Wildfire with ActiveDirectory LDAP hangs the wildfire server

First off, thanks to everyone who’'s answering problems here, in less than 4 hours I was able to get wildfire configured to use active directory by looking at answers to other people questions.

Now I have a system where its a very large active directory with lots and lots of users.

I do a tail -f debug.log | grep sAMAccountName to watch my login.

Right after my authentication is done and hits the logs, tons of other authentications start to pour into the logs. This is after I have removed the enableDebug from within the tag.

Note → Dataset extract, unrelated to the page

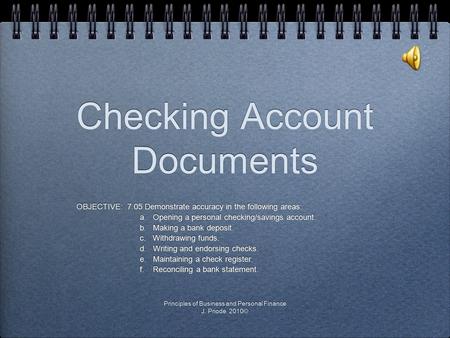 Checking Account Documents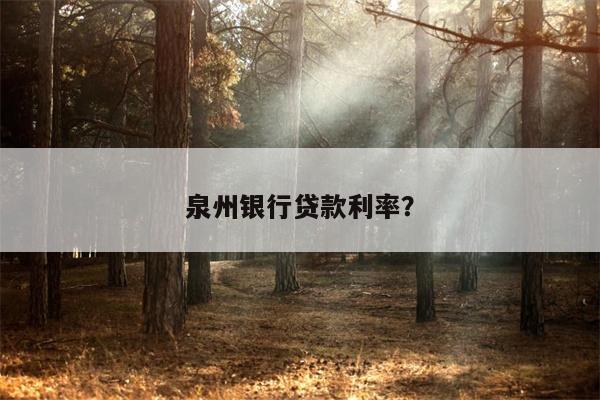 泉州银行贷款利率?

The wildfire server seems to get so overloaded that /etc/init.d/wildfire stop is not able to stop it. I have to reboot. This was true both with and without the ldap.enableDebug tag. Here are my current ldap/debugging/database setttings.

/code

Thanks,

Joel Schaubert

Message was edited by: bikeracer4700

Message was edited by: bikeracer4700

Message was edited by: bikeracer4700

Hi Joel,

would you please edit your post and put the file contents between and ?

LG

Done.

Bummer that there’'s no easy way to get the angle brackets and other parts of the xml to come through. Neither pre nor code tags did the trick.

Joel

joel,

I think, you have not done it right yet.

lots and lots of code /code

It should be like that.

regards,

wmhtet

Well, for me it looks like this using the code tag. I hope that bold[/b], italic[/i] or underline[/u] (left of spell check) are working for you?

/code

Oh now that’'s just sweet lookin.

I was trying to use html style angle backets around the word code.

Using squares is much better, thanks.

If your config is what you used to start, may I say that your adminDN might contribute to the problem. You are entering the user name, not the distinguished name (which should be of same format[/i] of your baseDN).

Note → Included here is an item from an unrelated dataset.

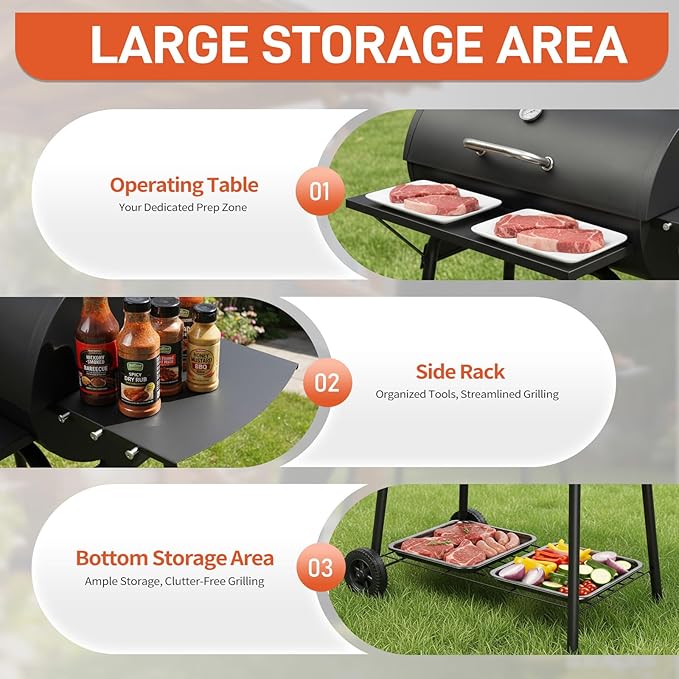 Outvita Barrel Charcoal Grill with Warming Rack, Outdoor BBQ Grill with Side Front Table with Nearly 564 Sq.In. Cooking Grid Area for Backyard Patio Picnic Parties Camping, Black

I wasn’'t able to get the adminDN to work that way. I tried several combinations based on

CN=Schaubert, Joel;OU=OU_MYCOUsers;DC=myco;DC=com

After a few hours of adding more Log.debug messages to pin down what is happening, here is what I’'ve learned.

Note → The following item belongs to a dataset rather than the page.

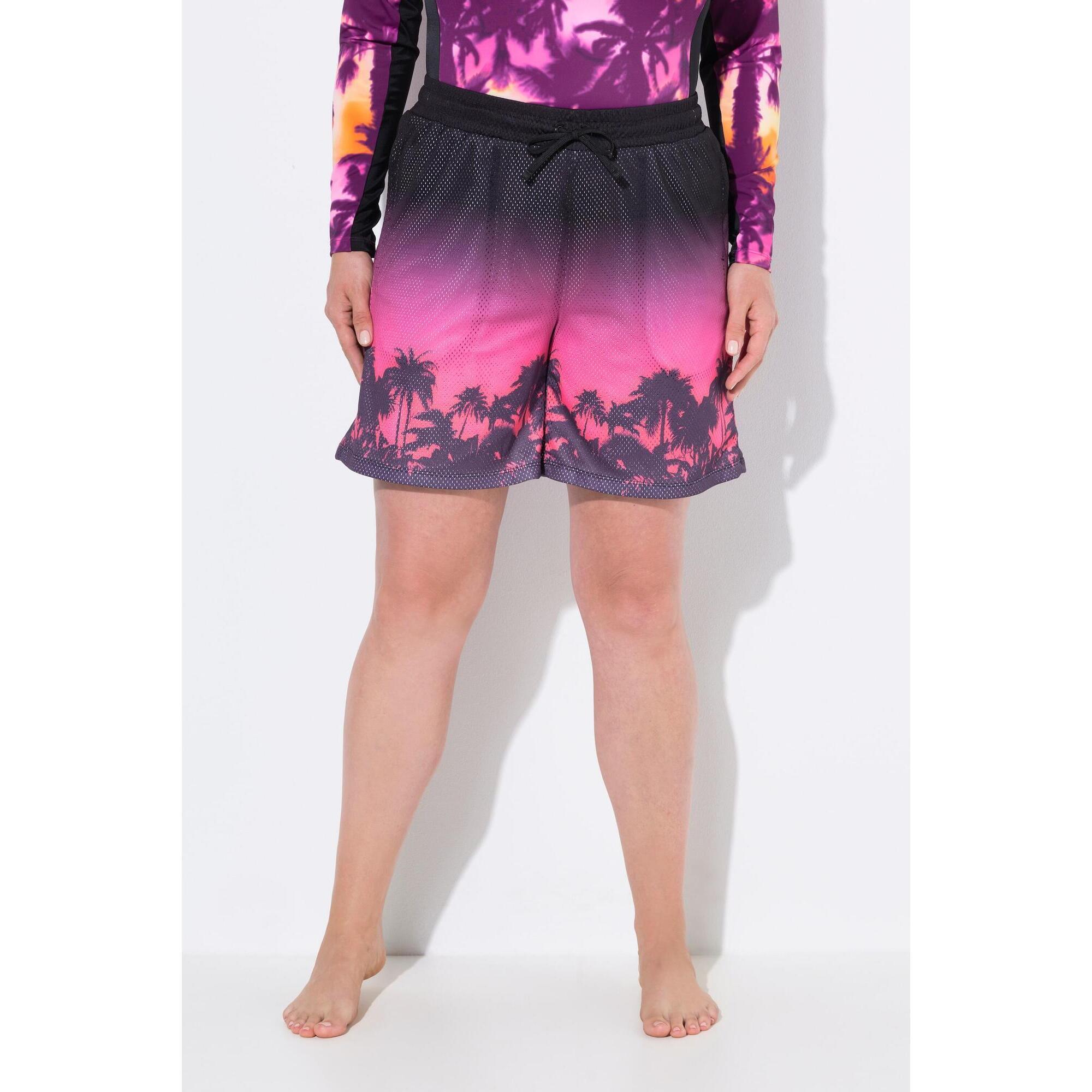 Damskie Szorty sportowe siateczka palmy szeroka nogawka elastyczny pas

The code call is coming in through

net/SASLAuthentication.java doPlainAuthentication()

auth/AuthFactory.java authenticate()

ldap/LdapAuthProvider.java authenticate()

Now here is where it gets strange.

I can track the code via debug messages as running once through the steps in LdapAuthProvider.authenticate(). So at the end of this routine I added a log message saying its done.

I can see this message in the logs, AND my client gets authenticated and hooks up.

BUT THEN, after a short pause (about 2-3 seconds) the log file takes off again and it seems that LdapManager.findUserDN(username); starts going mad and just checking out one user after another walking through the entire LDAP directory.

Now the code in LdapAuthProvider.authenticate() says something about needing to search all the subtree’'s of the baseDN for the username.

try {

// The username by itself won’'t help us much with LDAP since we

// need a fully qualified dn. We could make the assumption that

// the baseDN would always be the location of user profiles. For

// example if the baseDN was set to “ou=People, o=jivesoftare, o=com”

// then we would be able to directly load users from that node

// of the LDAP tree. However, it’'s a poor assumption that only a

// flat structure will be used. Therefore, we search all subtrees

// of the baseDN for the username. So, if the baseDN is set to

// “o=jivesoftware, o=com” then a search will include the “People”

// node as well all the others under the base.

Log.debug("LdapAuthProvider getting userDN "+userDN);

userDN = manager.findUserDN(username);

Log.debug("LdapAuthProvider authenticating userDN "+userDN);

// See if the user authenticates.

if (!manager.checkAuthentication(userDN, password)) {

throw new UnauthorizedException(“Username and password don’'t match”);

}

}

catch (Exception e) {

throw new UnauthorizedException(e);

}

// If cache is enabled, add the item to cache.

if (authCache != null) {

authCache.put(username, StringUtils.hash(password));

}

Log.debug("LdapAuthProvider DONE authenticating userDN "+userDN);

}

/code

But what I can’'t understand is the following

  1. why do all these additional user lookups happen AFTER my user is already done being authenticated

  2. why is LdapManager.findUserDN(username) getting called for all these other users in the directory

  3. where are these calls being fired from? I don’'t see any loops in LdapAuthProvider.authenticate() that look like they could be the causes of the extra calls. Could there be possible threading problems with one of the ldap interface libraries?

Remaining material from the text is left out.